While Emaline played, James stopped his movement behind her, the music still playing, her fingers fumbling over a measure I knew she knew by heart when James reached to brush his hand down her long brown hair.
The tape cut off, a new image coming into view of Emaline playing yet again, the camera set to the side of her this time as her lips pulled into a smile I believed I would never see again for as long as I lived. When she spoke, I shuddered, the memory of her voice forcing its way through me with such violence I couldn’t stop my body from reacting.
“I love you, James. I hope you know that...”
A deeper voice answered from off camera, “Keep playing...”
Again, the frame changed, another day, another song, but this time, Emaline pushed up to her feet when her fingers left the keys, a man’s body tugging her closer, their heads coming together for a long kiss.
I was going to be sick, the rage inside me mixing with such horrible sorrow that I couldn’t swallow down the fetid taste of bile crawling up my throat, couldn’t hold back the tears that stung my eyes as an answer to all my questions played out in front of me.
The scene kept changing, bits and pieces coming together like puzzle pieces of a nightmare I would never escape and by the time I reached the end, the truth of what happened was set free.
In the last clip, my sister sat on the edge of the piano, her skirt pushed up to her hips, James Dillon’s body wedged between her knees and when she told him she loved him again as his hand fisted in her hair, he kissed her softly before calling her Lila.
I expected my sister to act s
urprised to learn he didn’t know who she was, but what I didn’t expect was for her to smile, despite the pain that was so clearly visible in her eyes, before nodding and pretending she wasn’t a student in love with her teacher, but instead that she was the wife of a man who was too confused and ill to remember that his wife had died.
Emaline had known he thought she was someone else, and yet her love for him was so strong that she’d destroyed her own soul just for a few moments where she could pretend to be everything he loved and needed.
This is what Amelia had meant when she said her father didn’t know. It all clicked together that while my sister had believed her teacher was falling in love with her, he was a victim to his condition, believing that his dead wife was still alive and well.
James Dillon had been the reason my sister heart was torn apart.
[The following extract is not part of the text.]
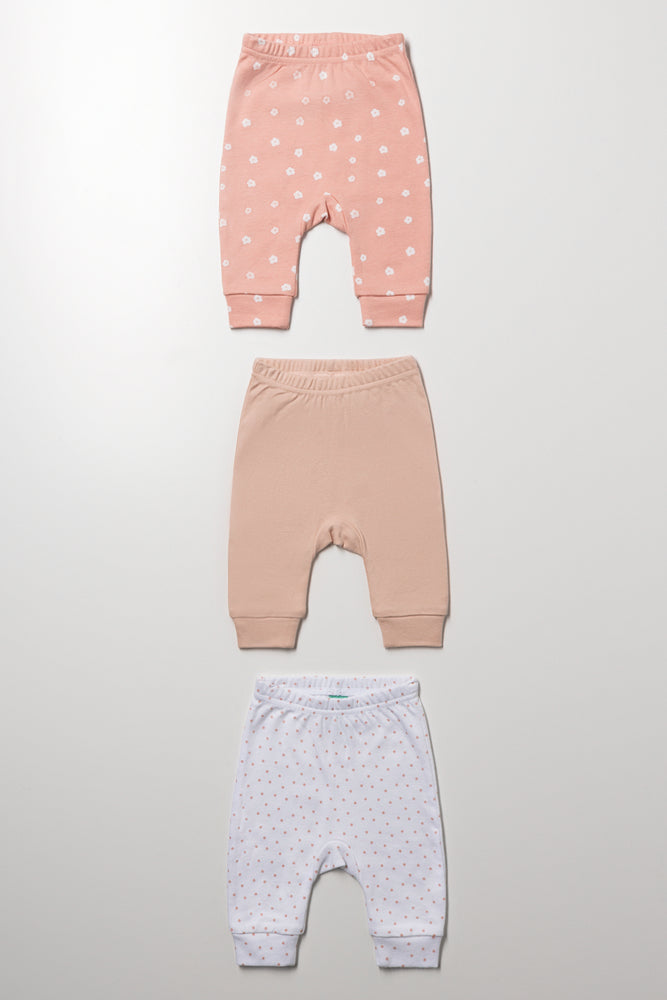 Flower 3 Pack Leggings Pink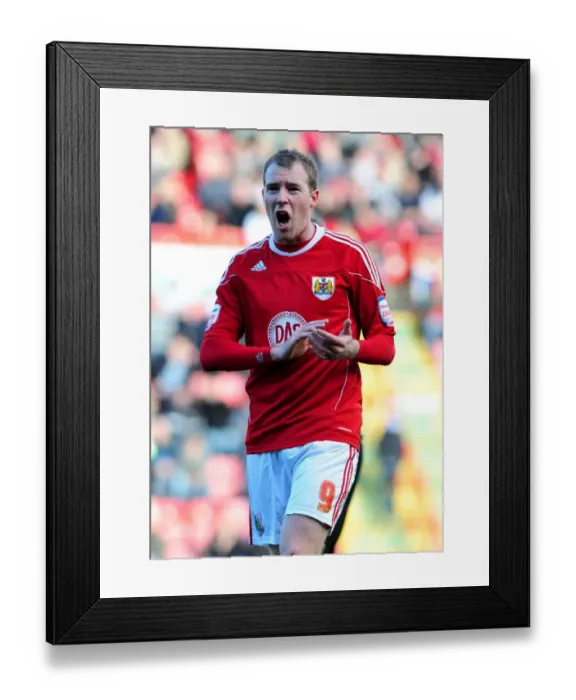 Framed Print : Bristol City's David Clarkson Celebrates Goal Against Scunthorpe United in Championship Match, 2010 Framed Print : Bristol City's David Clarkson Celebrates Goal Against Scunthorpe United in Championship Match, 2010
A man who, through his condition had made Amelia’s life hell. A man I now supported by paying for the nursing home where he lived.
I wanted to hate him for the role he’d played in my sister’s death, but what was worse was that I couldn’t stop hating Emaline for what she had done.
This is what she’d meant by saying she’d taken advantage.
This is why she’d died believing she was too horrible to continue living her life.
But yet, I still couldn’t stop blaming James.
He had destroyed a part of me. And through a cruel twist of fate, I had fallen in love with his only daughter, so much so that I’d taken him off her hands and put him in a place where he could live as comfortably as possible for the rest of his life.
The television screen cracked after I threw the remote at it, my mouth opening on a scream of pure rage.
And as all the anger and heartache that I’d barely contained over the ten years since my sister had died came pouring out, I destroyed the room around me, the couches ripped apart, the walls taking the brunt of my fury and pain as my fists punched holes into the plaster.
Everything around me was destroyed just as thoroughly as I felt destroyed inside. I could no longer contain the monster that had existed within me for too long.